• **TASK TO COMPLETE**
When you find the line with "Black & White Stripes Vintage Armchair" among the records below, reproduce it and each line after it exactly, ending with the line with "100-001-Л Проект одноэтажного".

• **DATASET EXCERPTS**
--- --- ---
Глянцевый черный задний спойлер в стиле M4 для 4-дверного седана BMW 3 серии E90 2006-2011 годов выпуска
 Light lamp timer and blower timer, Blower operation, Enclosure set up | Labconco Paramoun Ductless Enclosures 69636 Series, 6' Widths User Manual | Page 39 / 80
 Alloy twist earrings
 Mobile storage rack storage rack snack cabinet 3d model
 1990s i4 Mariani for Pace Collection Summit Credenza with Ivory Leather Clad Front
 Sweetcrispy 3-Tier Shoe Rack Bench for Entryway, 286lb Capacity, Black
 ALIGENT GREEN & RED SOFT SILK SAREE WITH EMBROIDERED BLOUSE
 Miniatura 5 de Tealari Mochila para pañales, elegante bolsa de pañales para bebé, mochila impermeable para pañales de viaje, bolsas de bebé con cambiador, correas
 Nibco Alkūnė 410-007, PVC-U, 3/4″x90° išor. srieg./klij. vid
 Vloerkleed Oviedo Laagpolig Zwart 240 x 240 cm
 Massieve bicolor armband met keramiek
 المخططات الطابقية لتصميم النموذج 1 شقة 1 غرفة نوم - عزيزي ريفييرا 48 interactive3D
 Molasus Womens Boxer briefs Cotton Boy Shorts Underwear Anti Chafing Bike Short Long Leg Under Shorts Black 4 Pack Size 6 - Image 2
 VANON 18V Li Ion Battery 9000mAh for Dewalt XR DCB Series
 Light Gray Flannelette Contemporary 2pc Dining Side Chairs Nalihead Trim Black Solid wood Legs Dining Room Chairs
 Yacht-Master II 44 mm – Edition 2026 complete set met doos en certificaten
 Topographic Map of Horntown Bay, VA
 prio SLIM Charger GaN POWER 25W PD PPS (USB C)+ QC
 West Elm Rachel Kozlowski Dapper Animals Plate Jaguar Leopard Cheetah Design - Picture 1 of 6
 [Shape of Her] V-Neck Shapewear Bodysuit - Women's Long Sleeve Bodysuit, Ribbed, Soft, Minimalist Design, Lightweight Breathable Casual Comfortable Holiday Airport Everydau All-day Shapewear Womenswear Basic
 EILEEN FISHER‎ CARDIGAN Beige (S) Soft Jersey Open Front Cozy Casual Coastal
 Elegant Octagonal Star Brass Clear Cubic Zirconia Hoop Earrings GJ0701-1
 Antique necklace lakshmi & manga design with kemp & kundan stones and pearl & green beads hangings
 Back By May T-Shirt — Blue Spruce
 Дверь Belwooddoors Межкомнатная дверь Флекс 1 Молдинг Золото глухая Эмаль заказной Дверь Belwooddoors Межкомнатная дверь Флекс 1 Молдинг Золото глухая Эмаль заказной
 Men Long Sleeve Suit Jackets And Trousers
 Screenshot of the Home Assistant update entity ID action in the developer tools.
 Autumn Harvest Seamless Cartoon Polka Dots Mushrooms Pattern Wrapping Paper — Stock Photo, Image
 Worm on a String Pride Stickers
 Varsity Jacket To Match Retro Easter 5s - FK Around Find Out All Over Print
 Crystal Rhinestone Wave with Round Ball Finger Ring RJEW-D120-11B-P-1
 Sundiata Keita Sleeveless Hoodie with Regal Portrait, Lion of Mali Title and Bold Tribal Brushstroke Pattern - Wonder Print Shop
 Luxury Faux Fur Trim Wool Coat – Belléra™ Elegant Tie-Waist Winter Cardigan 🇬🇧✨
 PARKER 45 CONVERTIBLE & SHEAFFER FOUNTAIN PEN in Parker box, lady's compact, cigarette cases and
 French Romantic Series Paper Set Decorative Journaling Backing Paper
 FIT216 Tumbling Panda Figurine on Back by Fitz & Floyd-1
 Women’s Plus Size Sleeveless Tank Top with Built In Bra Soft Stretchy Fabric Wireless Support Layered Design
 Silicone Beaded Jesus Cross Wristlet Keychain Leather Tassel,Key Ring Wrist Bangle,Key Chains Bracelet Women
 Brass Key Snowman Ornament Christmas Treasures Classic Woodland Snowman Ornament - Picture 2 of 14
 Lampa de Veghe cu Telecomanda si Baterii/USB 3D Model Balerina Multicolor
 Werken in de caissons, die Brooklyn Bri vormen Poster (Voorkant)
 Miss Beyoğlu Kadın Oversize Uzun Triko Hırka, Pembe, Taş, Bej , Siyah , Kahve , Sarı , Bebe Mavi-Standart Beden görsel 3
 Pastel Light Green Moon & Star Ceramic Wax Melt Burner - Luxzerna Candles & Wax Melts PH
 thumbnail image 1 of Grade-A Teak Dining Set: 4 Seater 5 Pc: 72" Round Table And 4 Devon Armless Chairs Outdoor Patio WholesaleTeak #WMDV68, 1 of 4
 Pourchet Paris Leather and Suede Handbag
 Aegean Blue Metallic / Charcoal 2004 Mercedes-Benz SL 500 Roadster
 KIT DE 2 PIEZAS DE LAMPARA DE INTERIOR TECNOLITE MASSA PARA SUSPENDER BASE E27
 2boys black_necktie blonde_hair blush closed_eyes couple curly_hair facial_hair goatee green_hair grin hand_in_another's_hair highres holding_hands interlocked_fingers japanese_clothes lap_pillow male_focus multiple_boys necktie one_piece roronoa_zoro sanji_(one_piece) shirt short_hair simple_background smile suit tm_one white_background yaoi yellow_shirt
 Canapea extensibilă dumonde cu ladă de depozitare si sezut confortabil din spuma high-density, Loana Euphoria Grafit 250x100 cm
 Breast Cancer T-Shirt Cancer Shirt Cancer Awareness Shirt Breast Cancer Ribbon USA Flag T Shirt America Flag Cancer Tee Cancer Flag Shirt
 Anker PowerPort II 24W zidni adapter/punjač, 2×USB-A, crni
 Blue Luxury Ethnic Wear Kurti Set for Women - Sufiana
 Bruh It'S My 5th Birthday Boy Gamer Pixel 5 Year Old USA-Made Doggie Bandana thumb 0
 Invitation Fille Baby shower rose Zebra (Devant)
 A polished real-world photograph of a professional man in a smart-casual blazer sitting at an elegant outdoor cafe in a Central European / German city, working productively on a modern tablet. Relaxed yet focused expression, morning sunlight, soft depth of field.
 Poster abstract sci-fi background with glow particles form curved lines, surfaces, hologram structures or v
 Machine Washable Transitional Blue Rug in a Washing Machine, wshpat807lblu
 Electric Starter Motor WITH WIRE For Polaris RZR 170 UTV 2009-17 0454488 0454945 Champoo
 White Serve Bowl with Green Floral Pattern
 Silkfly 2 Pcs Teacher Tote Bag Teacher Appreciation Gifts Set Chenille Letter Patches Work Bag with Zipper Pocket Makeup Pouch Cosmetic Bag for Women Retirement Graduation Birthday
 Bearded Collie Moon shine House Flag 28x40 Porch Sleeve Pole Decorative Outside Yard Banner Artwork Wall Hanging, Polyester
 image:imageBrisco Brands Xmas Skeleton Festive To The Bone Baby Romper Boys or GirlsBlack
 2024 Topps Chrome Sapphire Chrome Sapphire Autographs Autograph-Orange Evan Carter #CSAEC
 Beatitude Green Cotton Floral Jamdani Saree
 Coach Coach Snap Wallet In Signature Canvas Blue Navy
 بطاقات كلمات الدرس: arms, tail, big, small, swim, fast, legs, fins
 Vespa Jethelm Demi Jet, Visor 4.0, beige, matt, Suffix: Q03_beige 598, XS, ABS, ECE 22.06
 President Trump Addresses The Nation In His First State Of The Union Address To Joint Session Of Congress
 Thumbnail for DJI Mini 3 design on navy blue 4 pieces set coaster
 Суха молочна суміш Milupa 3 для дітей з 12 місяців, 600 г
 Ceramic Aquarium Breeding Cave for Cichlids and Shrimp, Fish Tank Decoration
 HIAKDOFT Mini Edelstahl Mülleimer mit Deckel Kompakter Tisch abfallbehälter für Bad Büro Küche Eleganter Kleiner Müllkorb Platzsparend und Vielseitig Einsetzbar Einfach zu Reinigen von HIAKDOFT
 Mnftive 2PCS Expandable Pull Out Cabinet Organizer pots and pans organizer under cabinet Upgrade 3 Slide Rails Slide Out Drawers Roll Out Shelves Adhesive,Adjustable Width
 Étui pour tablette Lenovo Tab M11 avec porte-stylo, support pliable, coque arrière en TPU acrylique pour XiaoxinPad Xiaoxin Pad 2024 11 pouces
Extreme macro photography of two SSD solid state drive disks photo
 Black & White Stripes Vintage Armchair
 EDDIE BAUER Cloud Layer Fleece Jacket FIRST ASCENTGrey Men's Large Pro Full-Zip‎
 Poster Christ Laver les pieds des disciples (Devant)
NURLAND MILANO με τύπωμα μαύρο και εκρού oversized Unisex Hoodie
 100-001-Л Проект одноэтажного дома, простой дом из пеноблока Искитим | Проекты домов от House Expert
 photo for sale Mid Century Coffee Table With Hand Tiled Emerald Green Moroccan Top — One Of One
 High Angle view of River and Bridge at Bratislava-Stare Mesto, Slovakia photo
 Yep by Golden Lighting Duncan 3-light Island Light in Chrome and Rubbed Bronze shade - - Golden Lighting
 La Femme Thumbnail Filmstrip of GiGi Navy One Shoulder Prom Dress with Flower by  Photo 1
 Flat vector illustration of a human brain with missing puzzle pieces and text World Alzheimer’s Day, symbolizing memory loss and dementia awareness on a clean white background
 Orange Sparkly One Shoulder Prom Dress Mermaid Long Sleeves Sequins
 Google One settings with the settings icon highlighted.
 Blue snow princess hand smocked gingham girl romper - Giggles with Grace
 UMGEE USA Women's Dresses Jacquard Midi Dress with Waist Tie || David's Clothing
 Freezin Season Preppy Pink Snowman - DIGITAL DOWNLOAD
--- --- ---
• **SOLUTION**
 Black & White Stripes Vintage Armchair
 EDDIE BAUER Cloud Layer Fleece Jacket FIRST ASCENTGrey Men's Large Pro Full-Zip‎
 Poster Christ Laver les pieds des disciples (Devant)
NURLAND MILANO με τύπωμα μαύρο και εκρού oversized Unisex Hoodie
 100-001-Л Проект одноэтажного дома, простой дом из пеноблока Искитим | Проекты домов от House Expert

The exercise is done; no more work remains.